Desesperado por el pronóstico empezó a ir a una asociación donde se reunían quienes padecían el mismo problema de no controlar el consumo de alcohol.
Y fue ahí donde conoció de la receta y puesta en práctica de un método para recuperar el estado sano del hígado humano.
Se trataba de hacer un “agua de tiempo”, contrariamente a la receta para comer alcachofas, en este caso se usaban principalmente la hojas duras, las externas. Habían de poner a hervir dos litros de agua en un olla, cuando soltaba el primer hervor, se añadía la primera capa de las hojas de alcachofa, las más duras, más oxidadas y el resto de la flor se guardaba en el refrigerador.
Las hojas flotaban en el hervor y se apagaba el fuego, se dejaba reposar y se colaba el líquido para ponerlo en una jarra y consumirlo precisamente como lo decía su nombre “agua de tiempo”.
Al día siguiente, se procedía al mismo método, pero se usaban las hojas expuestas, se arrancaban y se procedía igual. El líquido resultante en esta segunda toma era de colores diferentes a la primera, verde claro, la segunda podía ser amarilla intensa, o verdosa; la tercera toma, el resto de las hojas, sin el corazón, podía tomar tonalidades azuladas.
La receta pedía hacerlo cada semana, los resultados eran inmediatos, se aumentaba el sudor, la cantidad de orina, la salida de mocos y a veces lágrimas…
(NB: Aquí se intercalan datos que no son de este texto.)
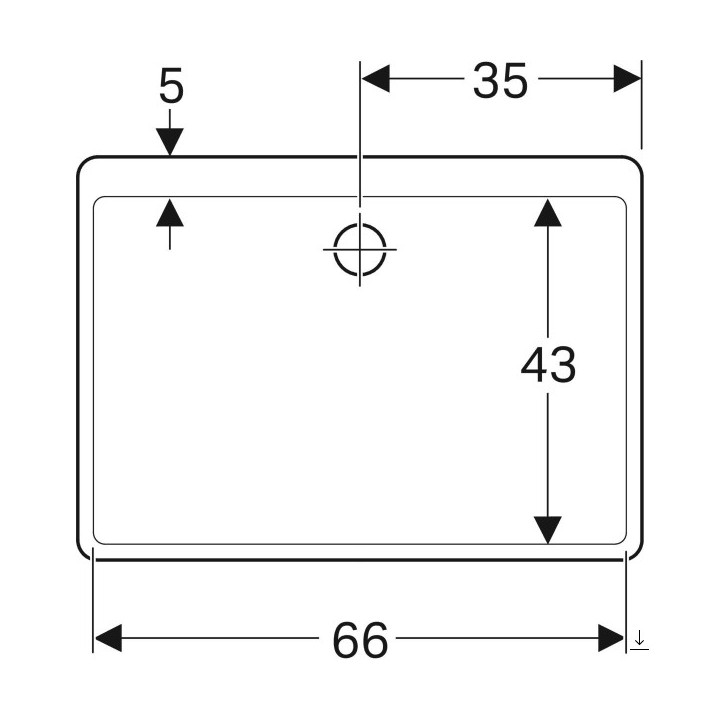 Umywalka wielofunkcyjna bez przelewu 60x50cm Geberit Publica Garda,  biała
El empresario aquel empezó a recuperarse, seguía asistiendo a reuniones, pero jamás volvió a tomar alcohol, se limitaba a su agua de alcachofa, de donde los amigos cuando le veían llegar lo recibían con el saludo “ya llegó el alcachofo”.
Alguna de las tías abuelas usaba el concentrado de alcachofa de otra forma, tomaba el contenido de una cucharadita, de las de café exprés, con el resultado de hervir los corazones de la alcachofa, le añadía tintura de anís, glicerina neutra y agua destilada y decía “es muy buena para orinar, quita la palidez, despierta el apetito y cura la cirrosis”, pero esa, esa es otra historia.